0
votes

I am using keras to train my model on ImageNet2012. When I use a batch size of 256 on a single GPU, it can train normally. When I use 6 GPUs, I set the batch size to 1024, I am facing out of memory issues:

My environment:
keras-2.2.4
tensorflow-gpu-1.14.0
python-3.6.8
CUDA-10.1

Code:
Reference from >https://github.com/david8862/keras-YOLOv3-model-set

import os, sys, argparse
import numpy as np
from multiprocessing import cpu_count
from multi_gpu import ParallelModel

import tensorflow.keras.backend as K
from tensorflow.keras.optimizers import Adam, SGD, RMSprop
from tensorflow.keras.preprocessing.image import ImageDataGenerator
from tensorflow.keras.applications.resnet50 import preprocess_input, decode_predictions
from tensorflow.keras.callbacks import TensorBoard, ModelCheckpoint, ReduceLROnPlateau, LearningRateScheduler, TerminateOnNaN
from tensorflow.keras.utils import multi_gpu_model

from yolo3.models.yolo3_nano import NanoNet

os.environ["CUDA_VISIBLE_DEVICES"] = "0,1,2,3,4,5"

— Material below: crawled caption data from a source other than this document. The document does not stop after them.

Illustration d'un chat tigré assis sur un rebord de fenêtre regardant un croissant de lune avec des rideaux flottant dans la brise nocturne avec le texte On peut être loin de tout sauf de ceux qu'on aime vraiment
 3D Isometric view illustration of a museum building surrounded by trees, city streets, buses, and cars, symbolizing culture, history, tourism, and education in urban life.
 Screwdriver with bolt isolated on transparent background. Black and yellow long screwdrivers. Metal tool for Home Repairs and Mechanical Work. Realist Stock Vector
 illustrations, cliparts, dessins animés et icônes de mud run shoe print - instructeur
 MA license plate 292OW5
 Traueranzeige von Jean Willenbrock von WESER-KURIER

def get_model(model_type):
   if model_type == 'nanonet':
        with tf.device('/cpu:0'):
            model = NanoNet(input_shape=(224, 224, 3), weights=None)
   else:
        raise ValueError('Unsupported model type')
   return model

def main(args):
    log_dir = args.log_dir#'logs/'
    # prepare model
    model = get_model("nanonet")    
    # support multi-gpu training
    paralleled_model = multi_gpu_model(model, gpus=6)

    if args.weights_path:
        paralleled_model.load_weights(args.weights_path)

    # callbacks for training process
    checkpoint = ModelCheckpoint(args.model_save_dir + 'ep{epoch:03d}-val_loss{val_loss:.3f}-val_acc{val_acc:.3f}-val_top_k_categorical_accuracy{val_top_k_categorical_accuracy:.3f}.h5',
        monitor='val_acc',
        mode='max',
        verbose=1,
        save_weights_only=False,
        save_best_only=True,
        period=1)
    logging = TensorBoard(log_dir=args.model_save_dir, histogram_freq=0, write_graph=False, write_grads=False, write_images=False, update_freq='batch')
    terminate_on_nan = TerminateOnNaN()
    learn_rates = [0.05, 0.01, 0.005, 0.001, 0.0005, 0.0001]
    lr_scheduler = LearningRateScheduler(lambda epoch: learn_rates[epoch // 30])

    # data generator
    train_datagen = ImageDataGenerator(preprocessing_function=preprocess,
                                       zoom_range=0.25,
                                       #shear_range=0.2,
                                       #channel_shift_range=0.1,
                                       #rotation_range=0.1,
                                       width_shift_range=0.05,
                                       height_shift_range=0.05,
                                       horizontal_flip=True)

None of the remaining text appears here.